Hally, Willy and Sam are supposed to share a friendly if somewhat lopsided companionship with many years’ history, and this is the point where the production breaks down. From the very first scene, the stage is filled with repressed rage and anger. Sam and Willy fight rather than joke, as the direction turns their good-natured bickering into vitriol. Hally is obnoxious and mean rather than off-handedly patronizing. His characterization is the weakest point in this over-simplified production. 
The play turns on what kind of person Hally is: if he is unheeding of his prejudice, it works; if he is just a jerk all around, it doesn’t. Junior Rosa Hyde tries to get through on bluster and succeeds only in turning Hally into a completely unsympathetic figure. Instead of building toward a shocking emotional climax, the moment of greatest impact is turned into another incident in a long string of offensive incidents. There are no surprises in this far from subtle staging. 
First-years Basilio Mendez and Andy Campbell soldier gamely on as Sam and Willy respectively, making good attempts at accents and showing admirable composure. Each is very competent, but they are trapped within a production that gives them no chance to evince range. 

The production concept, that of a black woman playing the white boy, and two non-black actors in the black roles, is not the problem. It is easily believable and works well — the audience sees people, not races, in the roles. Not even the space, a corner of Philips Gym lounge which is actually quite an attractive area for a play despite background noise, is the problem. The problem is the complete misinterpretation of the play’s central character. Funny is turned into angry; despairing and frustrated are turned into angry. If everything starts out as anger, what happens when the characters are actually supposed to get angry? 
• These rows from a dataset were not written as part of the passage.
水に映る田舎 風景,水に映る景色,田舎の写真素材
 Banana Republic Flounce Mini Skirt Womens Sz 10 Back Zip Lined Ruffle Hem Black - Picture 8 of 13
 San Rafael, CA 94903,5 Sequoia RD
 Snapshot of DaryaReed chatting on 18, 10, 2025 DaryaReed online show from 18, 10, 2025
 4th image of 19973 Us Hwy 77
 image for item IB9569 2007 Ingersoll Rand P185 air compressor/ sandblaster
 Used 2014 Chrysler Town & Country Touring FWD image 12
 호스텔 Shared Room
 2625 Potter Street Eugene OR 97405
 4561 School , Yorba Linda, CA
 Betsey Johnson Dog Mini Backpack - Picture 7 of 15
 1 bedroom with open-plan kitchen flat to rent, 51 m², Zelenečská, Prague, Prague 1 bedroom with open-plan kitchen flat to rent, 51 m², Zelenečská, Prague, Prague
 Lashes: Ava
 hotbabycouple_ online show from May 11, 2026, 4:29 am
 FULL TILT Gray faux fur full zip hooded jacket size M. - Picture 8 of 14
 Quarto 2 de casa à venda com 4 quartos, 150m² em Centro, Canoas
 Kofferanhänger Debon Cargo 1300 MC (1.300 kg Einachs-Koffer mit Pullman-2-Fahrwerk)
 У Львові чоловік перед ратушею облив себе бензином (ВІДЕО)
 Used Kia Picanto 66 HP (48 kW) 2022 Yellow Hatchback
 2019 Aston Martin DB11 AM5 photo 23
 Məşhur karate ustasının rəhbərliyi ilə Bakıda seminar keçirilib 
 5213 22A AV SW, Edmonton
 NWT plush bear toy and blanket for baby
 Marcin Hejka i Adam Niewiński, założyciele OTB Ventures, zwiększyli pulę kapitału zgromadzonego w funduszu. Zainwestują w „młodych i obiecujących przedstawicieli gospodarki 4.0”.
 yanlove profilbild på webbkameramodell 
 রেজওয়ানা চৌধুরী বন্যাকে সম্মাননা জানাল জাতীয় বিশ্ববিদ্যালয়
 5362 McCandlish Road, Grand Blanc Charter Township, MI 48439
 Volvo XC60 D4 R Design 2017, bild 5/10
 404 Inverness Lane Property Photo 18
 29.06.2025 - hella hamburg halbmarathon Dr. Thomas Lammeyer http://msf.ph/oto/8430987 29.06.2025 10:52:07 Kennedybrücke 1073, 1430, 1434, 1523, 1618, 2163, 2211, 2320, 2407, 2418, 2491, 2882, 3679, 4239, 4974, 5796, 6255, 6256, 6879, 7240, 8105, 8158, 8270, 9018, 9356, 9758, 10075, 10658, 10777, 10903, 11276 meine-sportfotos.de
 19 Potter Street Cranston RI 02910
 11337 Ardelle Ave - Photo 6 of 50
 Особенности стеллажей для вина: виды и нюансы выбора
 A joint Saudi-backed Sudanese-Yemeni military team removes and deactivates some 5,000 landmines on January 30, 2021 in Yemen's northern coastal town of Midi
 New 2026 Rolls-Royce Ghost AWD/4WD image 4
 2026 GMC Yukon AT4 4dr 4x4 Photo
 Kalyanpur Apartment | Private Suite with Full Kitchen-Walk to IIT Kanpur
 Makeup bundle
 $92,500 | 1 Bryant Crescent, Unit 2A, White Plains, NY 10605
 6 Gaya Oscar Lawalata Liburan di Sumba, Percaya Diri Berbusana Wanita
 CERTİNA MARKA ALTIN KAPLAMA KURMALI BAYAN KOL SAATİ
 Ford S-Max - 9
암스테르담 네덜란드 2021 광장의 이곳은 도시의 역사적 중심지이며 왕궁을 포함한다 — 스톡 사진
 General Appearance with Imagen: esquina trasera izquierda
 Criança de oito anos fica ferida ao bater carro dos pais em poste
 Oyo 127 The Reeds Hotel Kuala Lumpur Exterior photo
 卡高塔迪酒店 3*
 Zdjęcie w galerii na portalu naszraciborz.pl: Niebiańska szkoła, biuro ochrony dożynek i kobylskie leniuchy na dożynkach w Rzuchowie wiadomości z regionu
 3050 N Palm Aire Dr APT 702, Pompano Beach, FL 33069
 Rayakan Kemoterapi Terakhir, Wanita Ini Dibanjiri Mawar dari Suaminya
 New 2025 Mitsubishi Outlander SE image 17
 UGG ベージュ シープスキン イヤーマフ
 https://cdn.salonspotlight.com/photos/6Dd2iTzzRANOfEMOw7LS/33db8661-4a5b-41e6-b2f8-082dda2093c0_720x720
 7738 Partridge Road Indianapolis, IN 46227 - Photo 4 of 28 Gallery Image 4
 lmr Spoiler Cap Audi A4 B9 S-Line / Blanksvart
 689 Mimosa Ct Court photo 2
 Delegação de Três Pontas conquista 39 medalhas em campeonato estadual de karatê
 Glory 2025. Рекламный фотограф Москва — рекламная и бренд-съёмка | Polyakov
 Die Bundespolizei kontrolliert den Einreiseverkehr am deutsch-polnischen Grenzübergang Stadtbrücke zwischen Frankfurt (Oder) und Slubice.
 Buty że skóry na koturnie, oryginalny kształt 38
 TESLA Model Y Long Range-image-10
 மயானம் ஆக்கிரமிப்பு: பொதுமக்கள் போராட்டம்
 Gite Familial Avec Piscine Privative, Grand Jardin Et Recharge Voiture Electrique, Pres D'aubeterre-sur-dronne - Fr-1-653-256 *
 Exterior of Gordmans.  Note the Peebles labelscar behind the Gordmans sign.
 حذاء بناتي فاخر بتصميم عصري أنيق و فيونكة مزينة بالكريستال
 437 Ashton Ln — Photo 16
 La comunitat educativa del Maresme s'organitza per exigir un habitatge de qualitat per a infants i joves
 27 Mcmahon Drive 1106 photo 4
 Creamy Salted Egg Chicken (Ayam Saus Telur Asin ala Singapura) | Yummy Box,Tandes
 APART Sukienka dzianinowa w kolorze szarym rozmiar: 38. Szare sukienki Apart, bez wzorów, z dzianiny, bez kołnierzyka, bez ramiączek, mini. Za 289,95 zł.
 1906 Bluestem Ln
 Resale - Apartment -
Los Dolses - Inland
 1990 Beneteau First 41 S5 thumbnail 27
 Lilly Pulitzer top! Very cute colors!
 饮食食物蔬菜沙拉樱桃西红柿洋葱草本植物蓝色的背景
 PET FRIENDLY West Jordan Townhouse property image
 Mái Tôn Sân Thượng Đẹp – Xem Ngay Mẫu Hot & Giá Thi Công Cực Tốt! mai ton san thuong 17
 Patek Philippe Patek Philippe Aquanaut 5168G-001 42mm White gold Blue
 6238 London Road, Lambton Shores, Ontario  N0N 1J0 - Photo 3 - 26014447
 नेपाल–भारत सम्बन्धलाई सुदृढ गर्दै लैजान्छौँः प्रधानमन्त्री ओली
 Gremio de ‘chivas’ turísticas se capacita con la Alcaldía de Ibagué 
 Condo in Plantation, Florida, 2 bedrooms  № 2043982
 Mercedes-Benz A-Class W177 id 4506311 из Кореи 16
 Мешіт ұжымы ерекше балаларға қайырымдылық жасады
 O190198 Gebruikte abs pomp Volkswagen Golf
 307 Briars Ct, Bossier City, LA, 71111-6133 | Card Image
This is not a didactic, bad play. The opportunities for thought about race, privilege and the corrupting nature of power lie within it. The question is, how do they get out? Not through a production which leaves very little room to understand the characters as people rather than as types. The director, junior Claire Miller, has her heart a little too much in the right place, and shades the characters too brightly for the full picture to be seen.